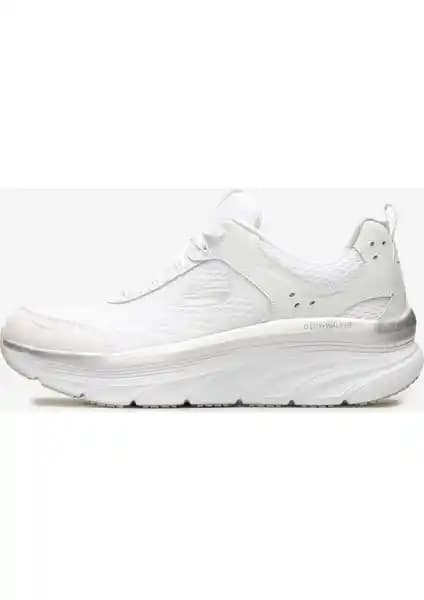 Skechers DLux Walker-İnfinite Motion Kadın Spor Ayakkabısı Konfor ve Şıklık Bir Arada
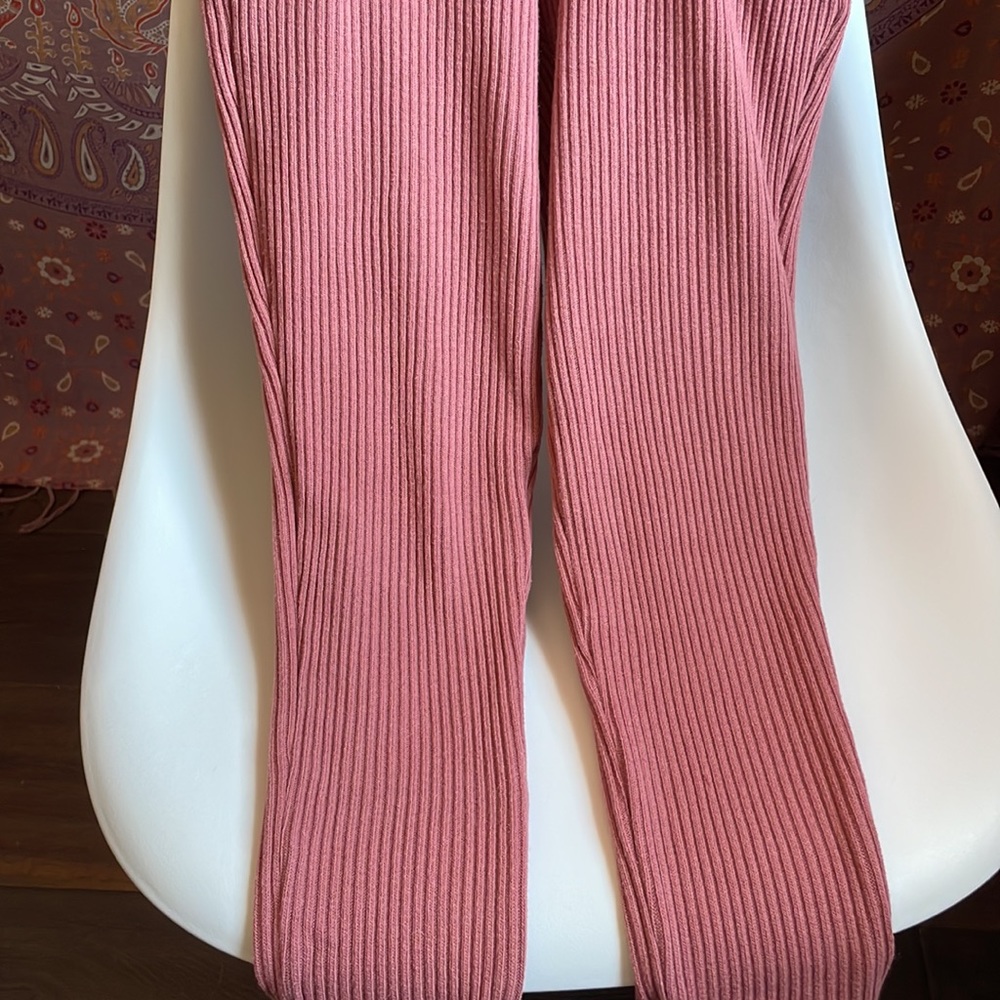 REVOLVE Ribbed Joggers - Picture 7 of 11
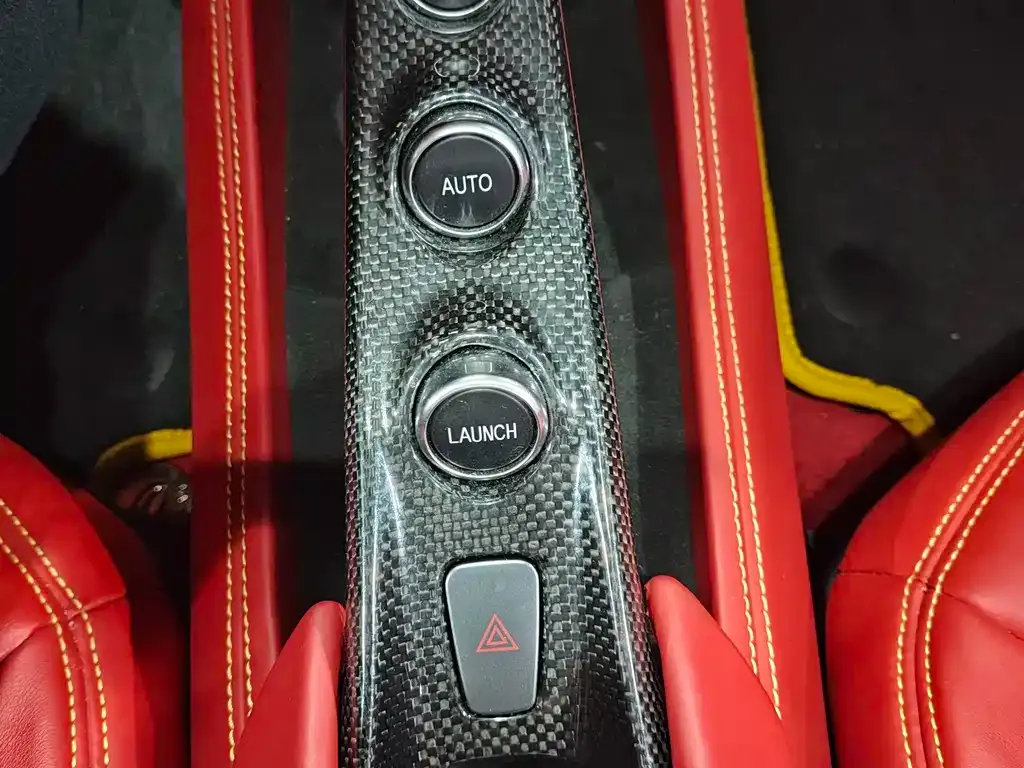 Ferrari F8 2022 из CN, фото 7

####################

Would you transcribe all of the data exactly, apart from its pictures?

 Skechers DLux Walker-İnfinite Motion Kadın Spor Ayakkabısı Konfor ve Şıklık Bir Arada
 REVOLVE Ribbed Joggers - Picture 7 of 11
 Ferrari F8 2022 из CN, фото 7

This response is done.